Es verdad. Pero en general los que se decepcionan son los inocentes, también algunos que tienen preparación intelectual y cultual. No puedes escapar del fenómeno de la desilusión, pero con un poco de esfuerzo psicológico puedes superarlo. La realidad que sueñas luego nunca es como te imaginas y la libertad forma parte de esa realidad.

El mundo atraviesa una grave crisis económica, pero también una crisis de valores. ¿Dónde vemos la luz en este túnel?

Creo que no puedo dar una respuesta a eso. Yo hablo de literatura. Pero creo que siempre ha habido crisis en el mundo. Lo que ocurre es que ahora las cosas son más abiertas y a lo mejor antes la gente estaba más tranquila porque no tenía noticia de las cosas.

Después de toda su experiencia, ¿aún confía en la política?

Tengo una confianza relativa. No creo que la política vaya a solucionarlo todo.
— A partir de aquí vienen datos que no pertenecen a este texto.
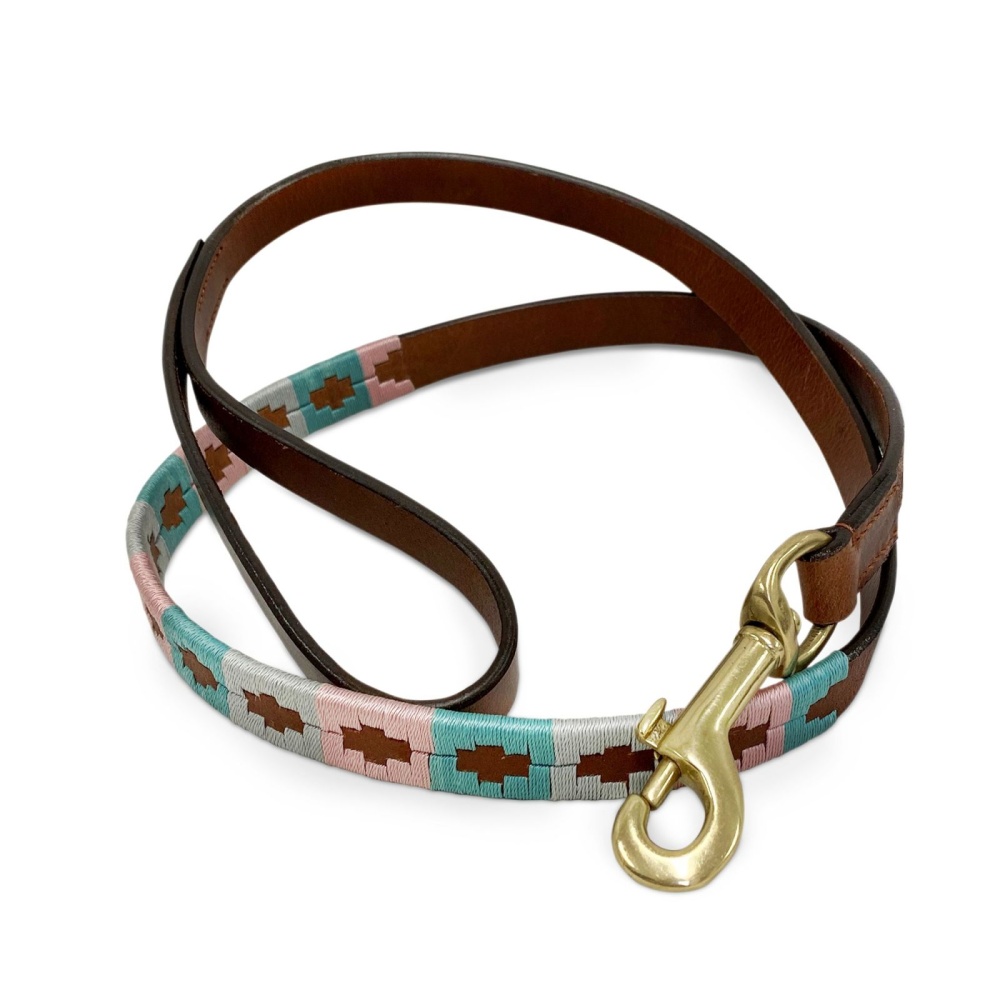 KM Elite Dog Lead Argentinian - Pastel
Solo será relativamente honrada, relativamente sincera porque la política no acepta la sinceridad ni la honradez. No se le puede pedir más de lo que puede ofrecer .
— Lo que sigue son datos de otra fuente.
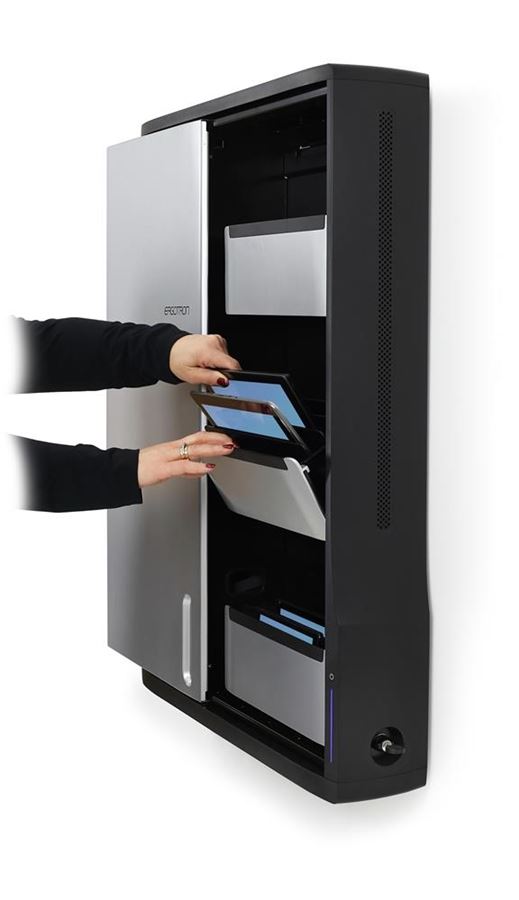 Ergotron DM12-1006-2 Zip12 Charging Wall Cab…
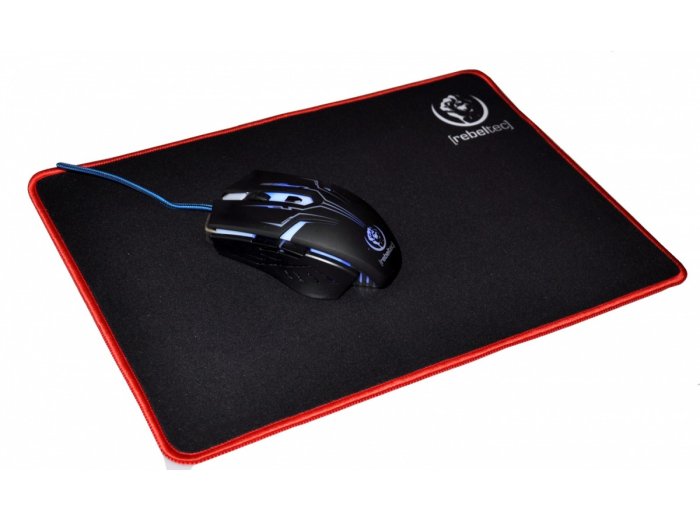 Podkładka pod mysz dla gracza z obszyciem Slider M+ rozmiar 350 x 250 x 3mm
¿Y qué papel tiene la literatura y la cultura en general en este camino para superar todo esto?

Por supuesto tiene un papel, pero un papel indirecto. Si la literatura pudiese tener influencia sobre la política se destruiría a sí misma. Sería algo muy grave.

Haber sido candidato al Nobel en varias ocasiones ¿le inquieta o le da igual?

Ni una cosa ni otra. Ser nominado es casi un oficio. A veces se convierte en un discurso nacional, en mi país causa mucho impacto, pero no pienso demasiado en ello.

¿En qué está trabajando ahora?

Estoy escribiendo un ensayo... me gusta mucho escribir ensayos. Hay quien dice que no es verdadera literatura, pero yo creo que sí lo es.

¿Y novela?

Por el momento no.

¿Qué hace Ismail Kadaré cuando no escribe?

Nada... Pienso en lo que voy a escribir.